Exercise objective: Beginning with the line that holds "图片[79]-学妹校园寝室短丝系列042 夏丽[237P] – 速更版-美库" and ending with the last line of the entries, please output each line exactly, apart from any pictures.

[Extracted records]
[Start of Attachment]
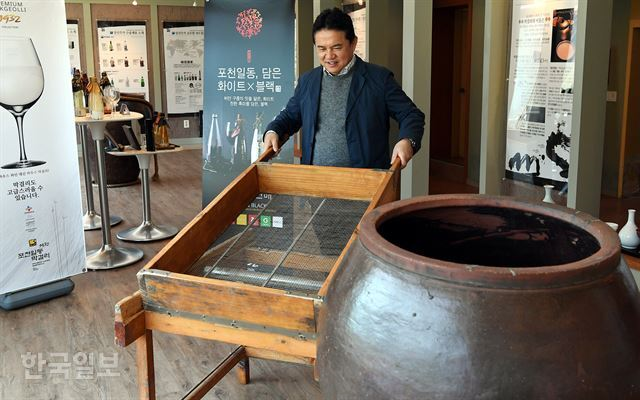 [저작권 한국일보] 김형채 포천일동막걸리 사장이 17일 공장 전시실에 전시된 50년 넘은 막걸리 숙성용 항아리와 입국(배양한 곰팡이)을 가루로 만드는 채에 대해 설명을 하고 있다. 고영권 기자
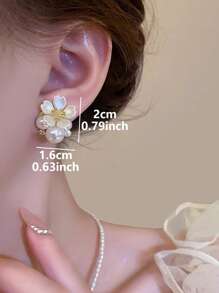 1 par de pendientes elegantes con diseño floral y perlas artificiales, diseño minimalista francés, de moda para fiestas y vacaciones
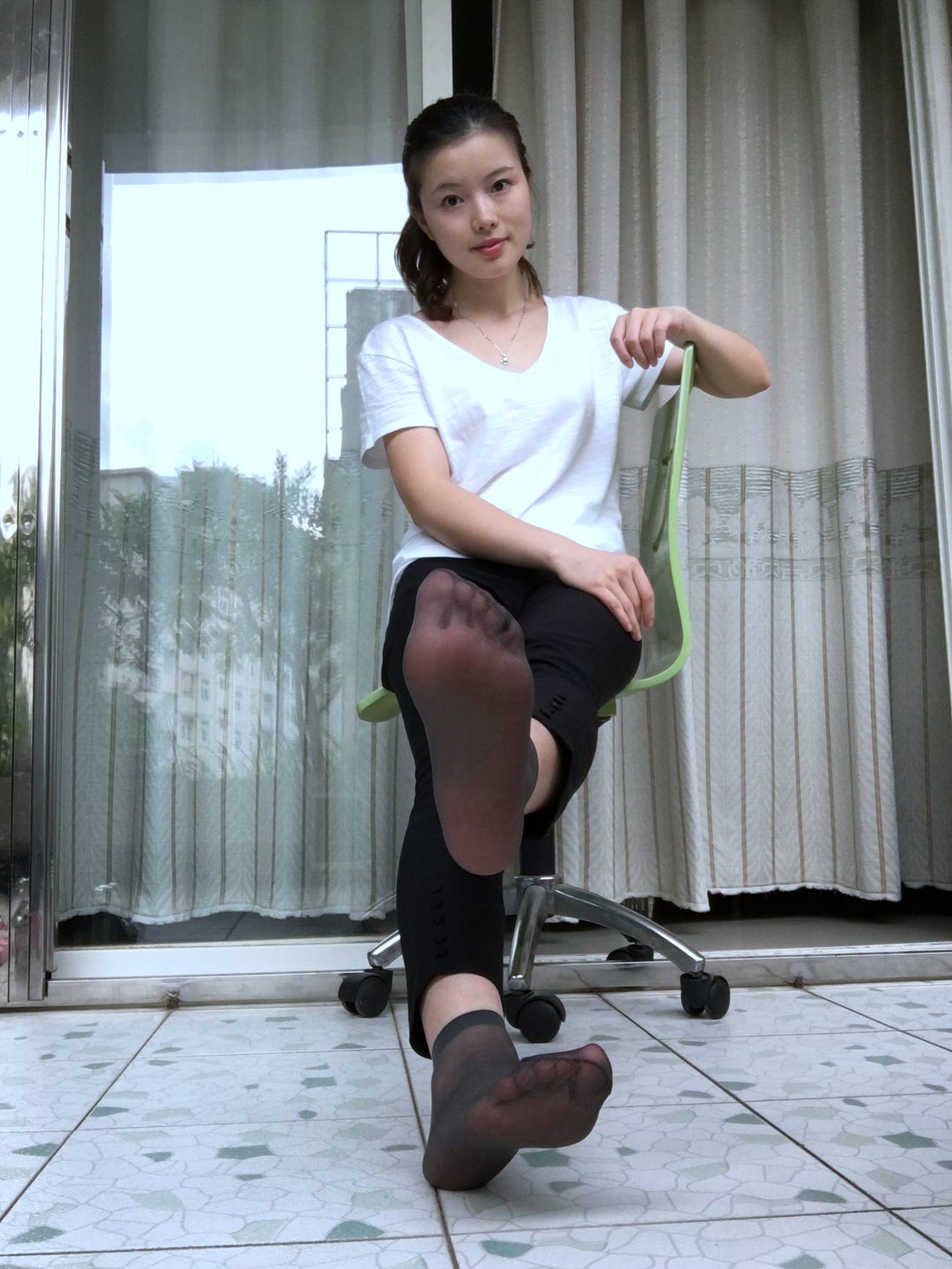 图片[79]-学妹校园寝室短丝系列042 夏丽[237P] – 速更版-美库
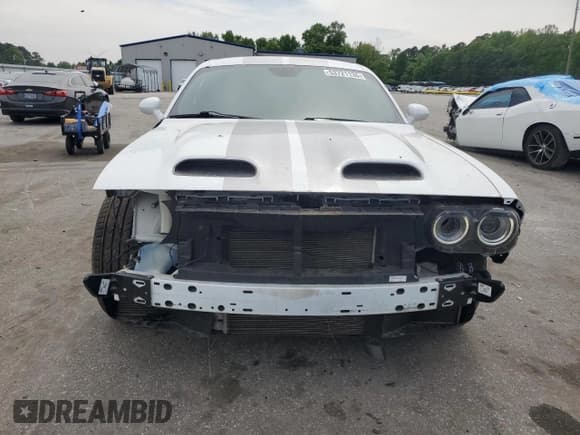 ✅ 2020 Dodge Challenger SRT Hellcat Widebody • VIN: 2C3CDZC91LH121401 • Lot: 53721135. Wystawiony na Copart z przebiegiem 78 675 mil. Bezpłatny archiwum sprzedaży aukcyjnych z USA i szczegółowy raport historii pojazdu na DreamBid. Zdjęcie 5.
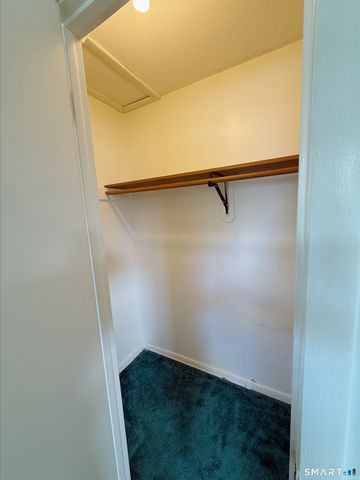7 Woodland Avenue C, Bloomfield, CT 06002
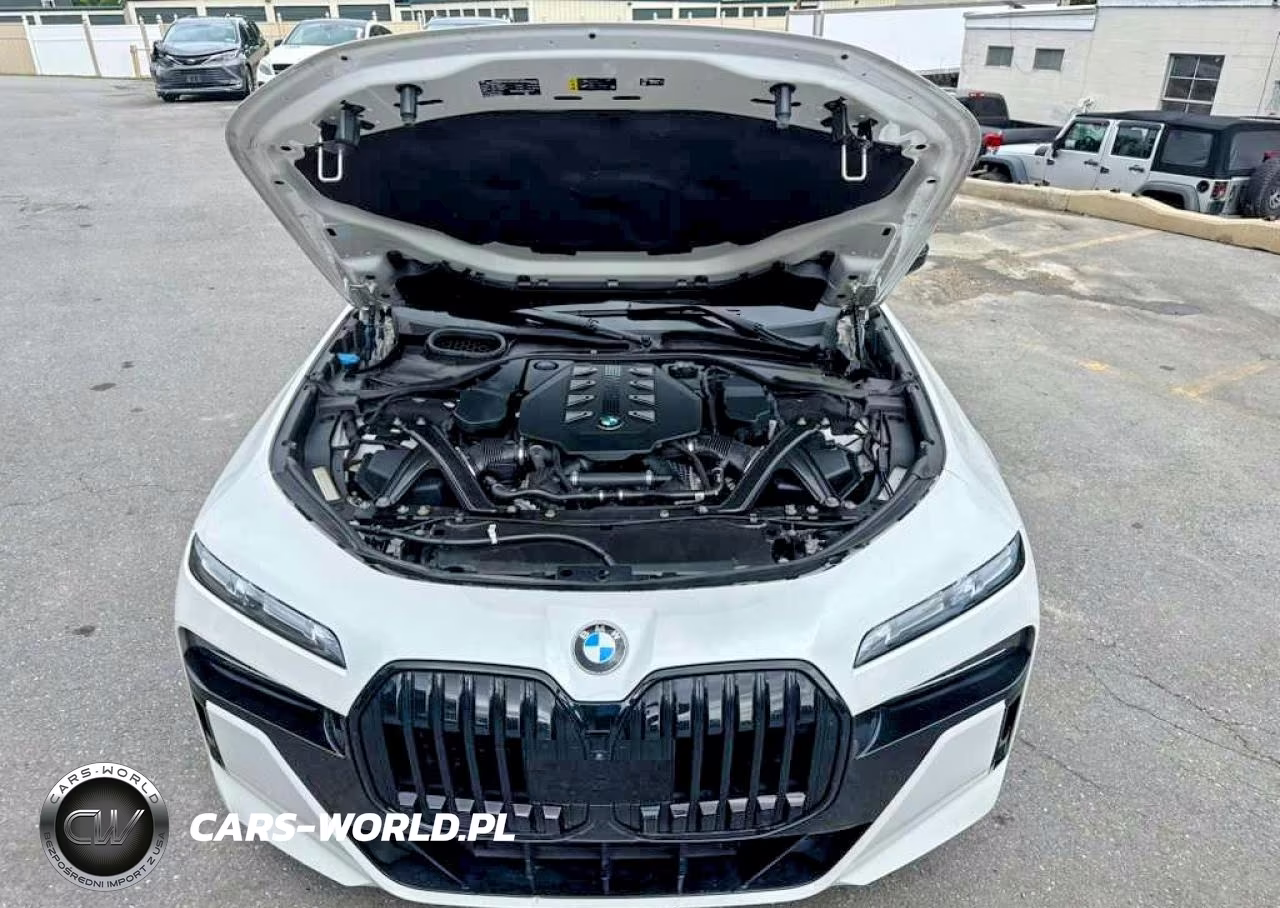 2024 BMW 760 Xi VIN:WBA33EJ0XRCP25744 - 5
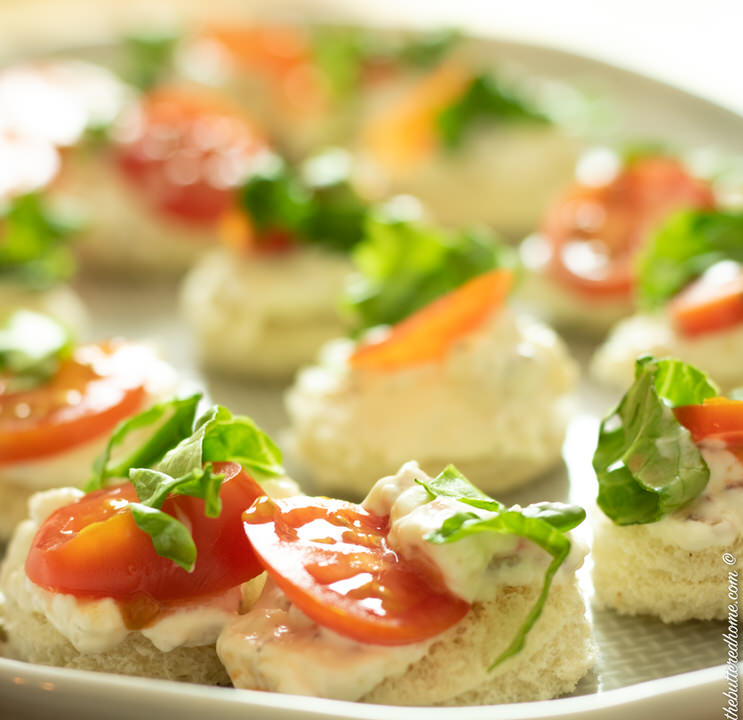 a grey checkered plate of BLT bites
[End of Attachment]
Written answer:
 图片[79]-学妹校园寝室短丝系列042 夏丽[237P] – 速更版-美库
 ✅ 2020 Dodge Challenger SRT Hellcat Widebody • VIN: 2C3CDZC91LH121401 • Lot: 53721135. Wystawiony na Copart z przebiegiem 78 675 mil. Bezpłatny archiwum sprzedaży aukcyjnych z USA i szczegółowy raport historii pojazdu na DreamBid. Zdjęcie 5.
7 Woodland Avenue C, Bloomfield, CT 06002
 2024 BMW 760 Xi VIN:WBA33EJ0XRCP25744 - 5
 a grey checkered plate of BLT bites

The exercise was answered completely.